Motivation
One of the major challenges today is coping with an overabundance of potentially important information. With newspapers such as the Wall Street Journal available electronically as a large text database, the analysis of natural language texts for the purpose of information retrieval has found renewed interest. Knowledge extraction and knowledge detection in large text databases are challenging problems, most recently under investigation in the TIPSTER projects funded by DARPA, the U.S. Department of Defense research funding agency. Traditionally, the parameters in the task of information retrieval are the style of analysis (statistical or linguistic), the domain of interest (TIPSTER, for instance, focuses on news concerning micro-chip design and joint ventures), the task (filling database entries, question answering, etc.), and the representation formalism (templates, Horn clauses, KL-ONE, etc.).

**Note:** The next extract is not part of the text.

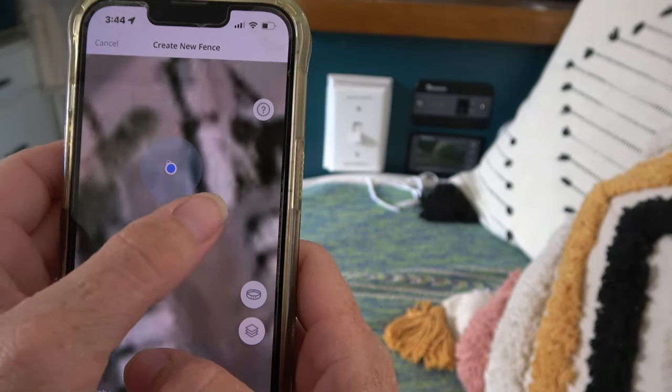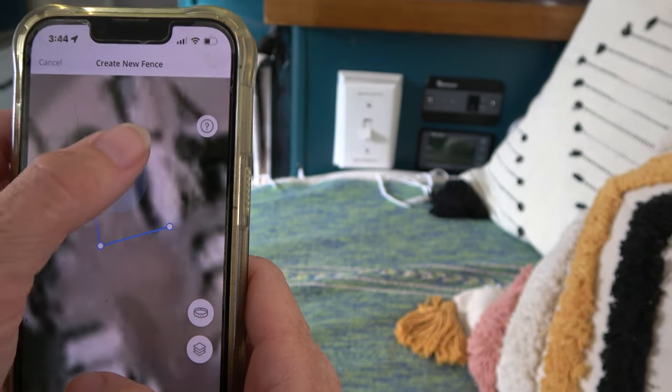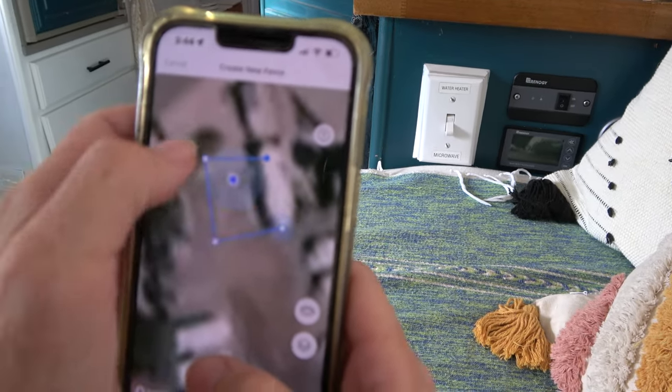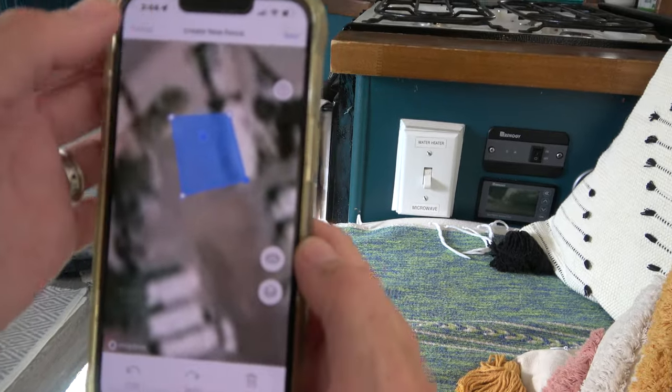You just go on your app, set up the fence posts around your site, and that will keep your dog safely in the area you set up for them. As your dog is wearing the Halo Collar, whether you're at a formal campground or camping in the wild, you go on your phone and set up the parameters of what you'd like for your fence.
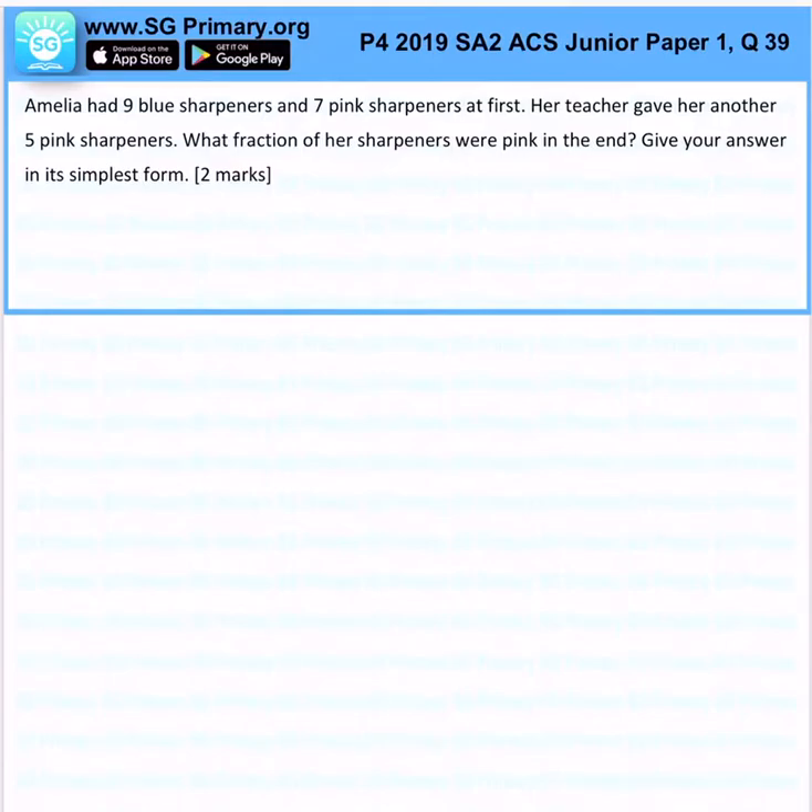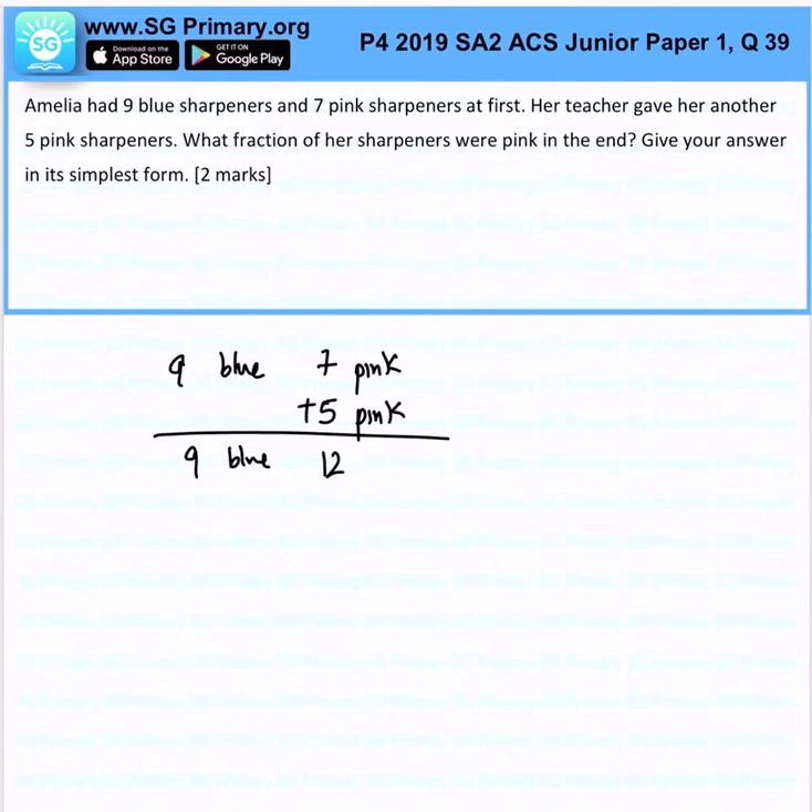Okay, so... 9 blue, 7 pink. Subsequently add 5 pink, right? So, at the end of the day, you have 9 blue and 12 pink. Can you see?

It is the premise of this chapter that much more detailed information can be gleaned from a careful linguistic analysis than from a statistical analysis. Moreover, a successful linguistic analysis provides more reliable data, as we hope to illustrate here. The problem is, however, that linguistic analysis is very costly and that systems that perform complete, reliable analysis of newspaper articles do not currently exist.
The challenge then is to find ways to do linguistic analysis when it is possible and to the extent that it is feasible. We claim that a promising approach is to perform a careful linguistic preprocessing of the texts, representing linguistically encoded information in a task independent, faithful, and reusable representation scheme.